Netherlands ’17 budget leaks: More money for counterterror, child poverty
The Dutch government is investing more money to help poor families, the elderly and partners of the chronically ill. The government is also pushing extra money into Defense, according to leaked Budget Day documents RTL Nieuws managed to get hold of.
The government is putting a massive 1.1 billion euros side next year for "balancing purchasing power". According to RTL, the budget for the care allowance, rent allowance, elderly discount and child linked budget are increasing. Almost everyone will see an increase in their purchasing power next year, though the government is ensuring that low-income families benefit most.

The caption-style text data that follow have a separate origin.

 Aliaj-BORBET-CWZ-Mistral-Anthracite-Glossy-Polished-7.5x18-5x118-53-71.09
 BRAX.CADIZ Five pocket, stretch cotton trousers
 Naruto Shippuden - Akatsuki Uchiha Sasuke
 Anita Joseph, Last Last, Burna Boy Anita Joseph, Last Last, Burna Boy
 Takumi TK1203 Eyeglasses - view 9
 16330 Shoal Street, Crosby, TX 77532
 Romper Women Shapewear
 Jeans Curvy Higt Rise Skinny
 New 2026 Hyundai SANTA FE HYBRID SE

For next year and subsequent years, the government plans to spend 1.5 billion euros extra, so 300 million euros more than the 1.2 billion euros that was announced before the summer. This money will be invested mainly into healthcare, education and security.
The Ministry of Public Health, Welfare and Sports is getting 400 million euros extra on a structural basis. According to the broadcaster, this will be used to reverse controversial cuts to, among other things, nursing home care.

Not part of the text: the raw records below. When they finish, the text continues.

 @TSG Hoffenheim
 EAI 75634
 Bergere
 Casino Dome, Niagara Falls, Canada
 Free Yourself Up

The Ministry of Security and Justice is getting 450 million euros extra. That will be sued for counterterrorism, more neighborhood police officers, the fight against cybercrime, the Netherlands Forensic Institute and border protection.
Defense is getting 300 million euros extra for new ammunition, equipment, fuel, improving communication and more training for the armed forces.

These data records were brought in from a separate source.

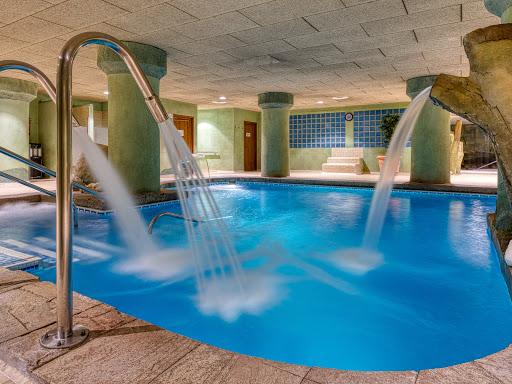 Senzia Granada Spa & Wellness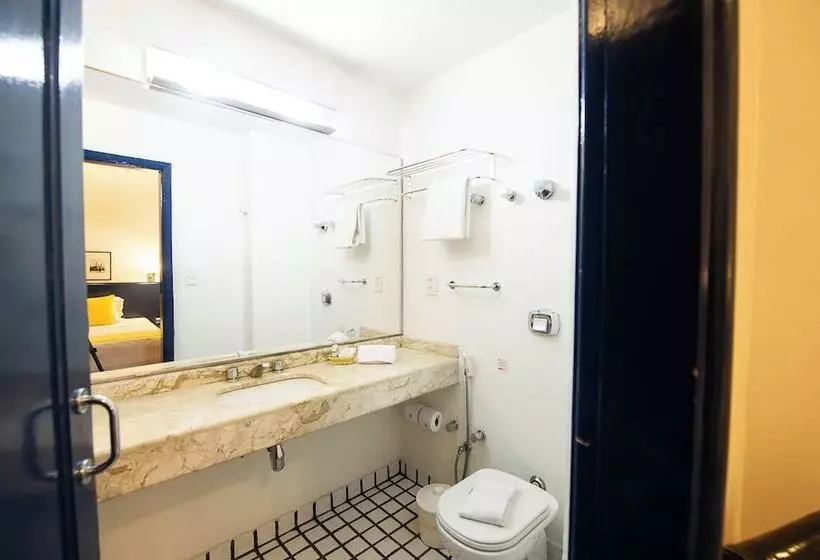 Fotos del hotel Normandie:  5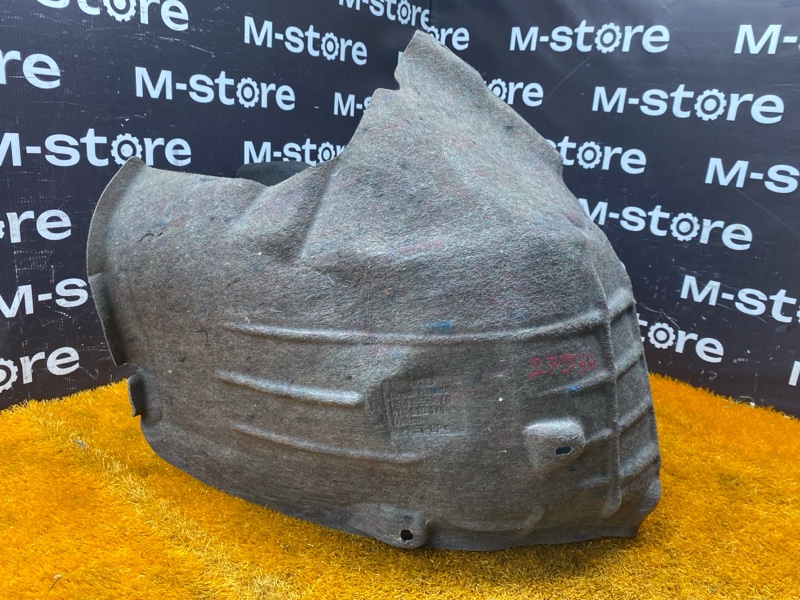 подкрылок, 2500 рублей, Красноярск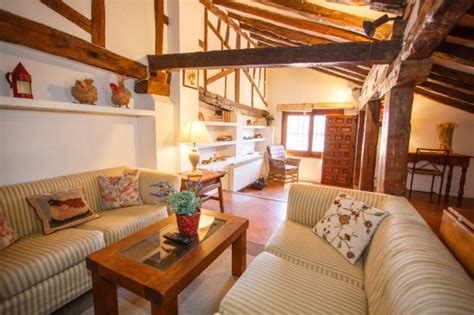 EL BULIN DE PEDRAZA - Villa Reviews, Photos, Rate Comparison - Tripadvisor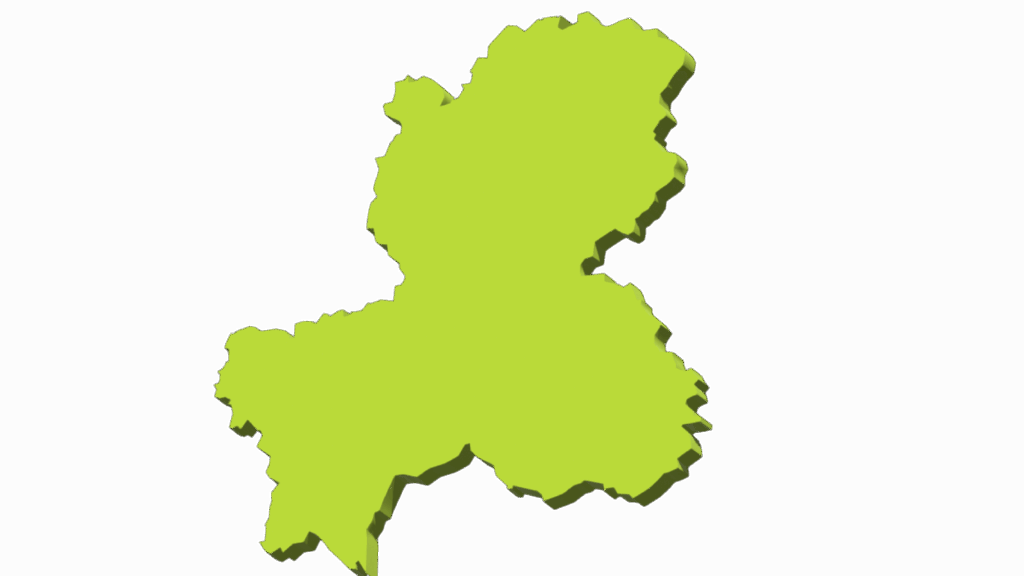 岐阜県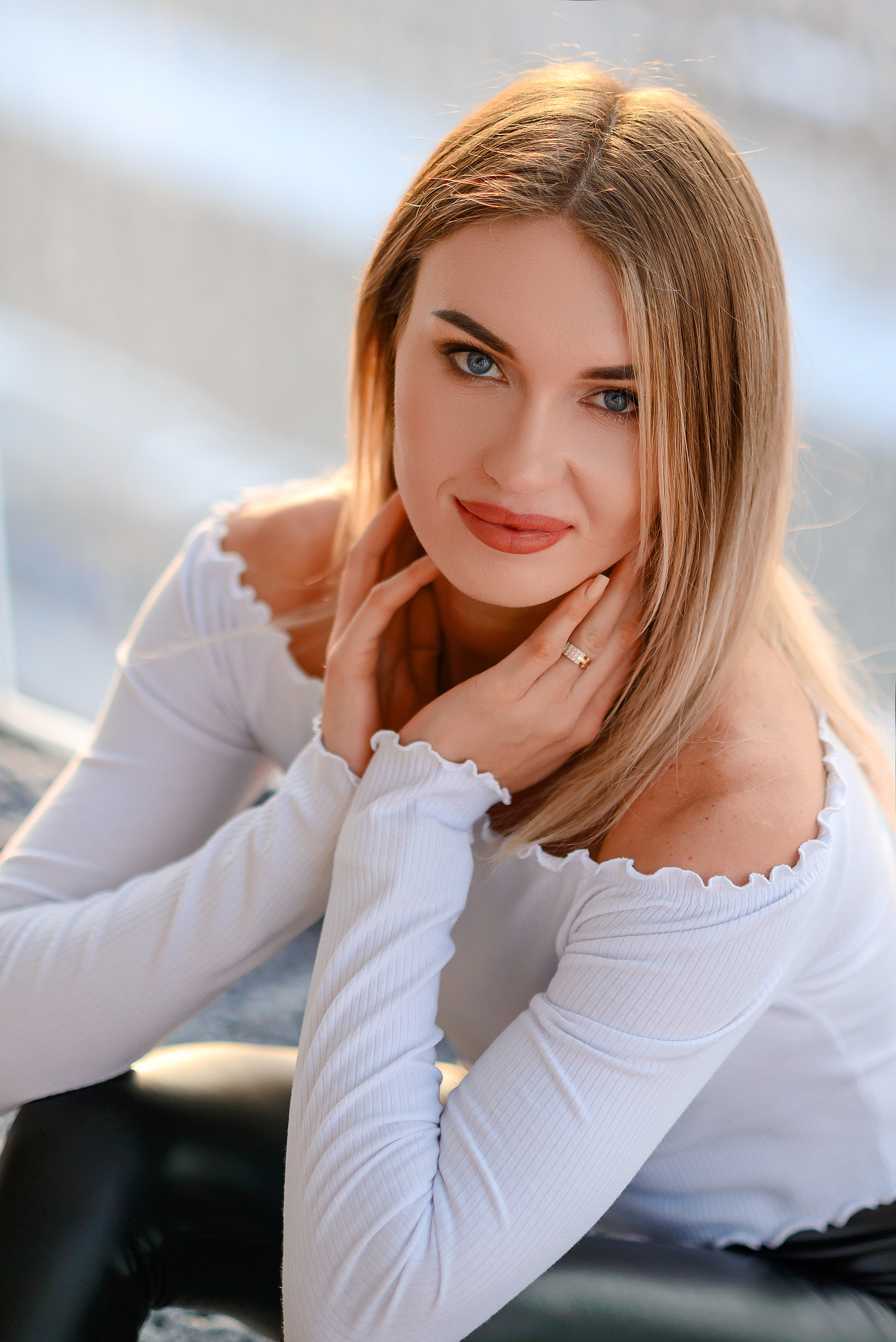 Алина и Олег. Wedding and family photographer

The government is allocating 100 million euros for fighting child poverty. The money is intended to help children in poor families be able to afford swimming lessons, school trips, sport equipment, school supplies and clothing.
Education is getting an extra 200 million euros. 50 million euros is being allocated to single income households with a chronically ill partner. The intelligence and security services are getting 20 million extra. And professional sport is getting 10 million euros.